CS 134

Dynamic Linking and Shared Libraries

  • Pig speaking

    In the last section, we saw that statically linking in the C library made our “Hello World” program HUGE on Linux! I want to know MORE about how we can make that better.

  • PinkRobot speaking

    That's right! And while we saw some ways to make that better (like using musl), there's another approach entirely: sharing the library code between programs.

The Problem with Static Linking

Let's imagine a world where all the programs on your computer are statically linked. What would that look like…?

$ ls -lh /bin/cat /bin/find /bin/grep /bin/ls /bin/python3
-rwxr-xr-x 1 root root 843K Apr  5  2024 /bin/cat
-rwxr-xr-x 1 root root 1.5M Apr  8  2024 /bin/find
-rwxr-xr-x 1 root root 1.7M Apr  8  2024 /bin/grep
-rwxr-xr-x 1 root root 1.3M Apr  5  2024 /bin/ls
-rwxr-xr-x 1 root root 9.4M Sep 11 07:17 /bin/python3
-rwxr-xr-x 1 root root 879K Apr  8  2024 /bin/xargs

If we run a command pipeline like

$ find . -name "*.c" | grep TODO | xargs cat

we're running four programs (find, grep, xargs, and cat). The combined code for all of them is 1.5 MB + 1.7 MB + 879 KB + 843 KB = 4.75 MB, all for something quite simple! The bulk of that space is four separate copies of the C library code!

  • Duck speaking

    That's a lot of wasted space!

  • Hedgehog speaking

    Are they exactly the same?

  • PinkRobot speaking

    Although they have a lot in common, each one is using a different set of functions from the library. So there's a lot of common code, but each one is a little different.

  • Duck speaking

    I've got an idea. We link the program as usual, but we decide ahead of time where all the libraries are going to live (maybe up high in memory somewhere).

  • Dog speaking

    And then we just put the addresses of the library functions right in the program code using the linker's relocation records just like we did before!

  • Horse speaking

    Whoa! And then we don't include the library code in the program, we just put some magic to say “map in the library at the agreed-upon address”, and then everyone can share it!

Do you see any problems with this approach? (Hint: What about when a new version of the library comes out?)

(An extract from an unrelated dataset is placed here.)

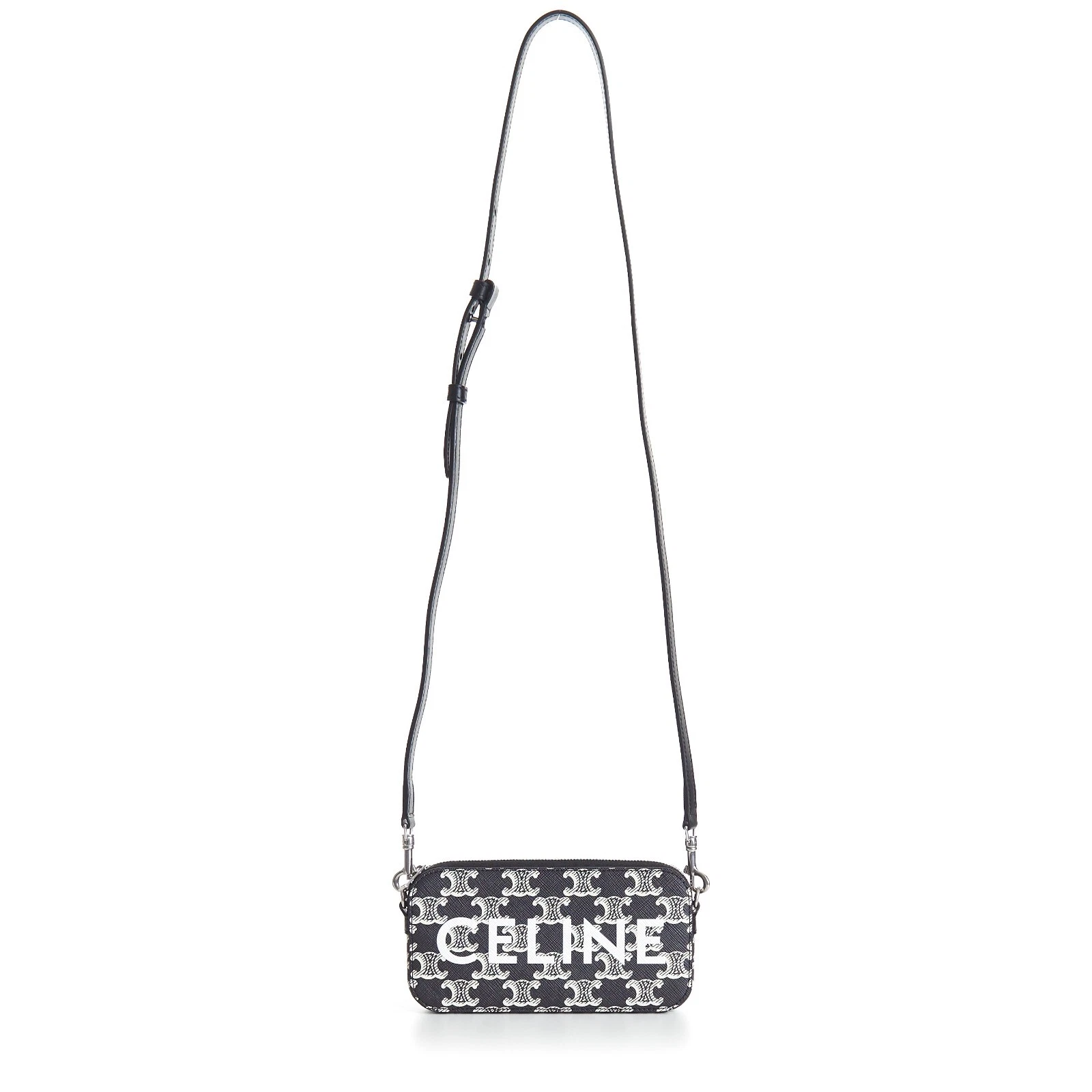 Celine — CELINE 1050$ Horizontal Pouch Bag - Two-Tone Triomphe Canvas, Logo, Zip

The problem with fixing the addresses of library functions in the program is that if the library changes, the addresses will change, too. So we'd have to recompile every program that uses the library every time the library changes. That's not very practical!

  • Cat speaking

    Thinking about it, it's not going to work well with Address Space Layout Randomization (ASLR) either. If we want to move the library around in memory (for security reasons), then we can't hardcode the addresses of the library functions in the program because they'll change every time we load the program.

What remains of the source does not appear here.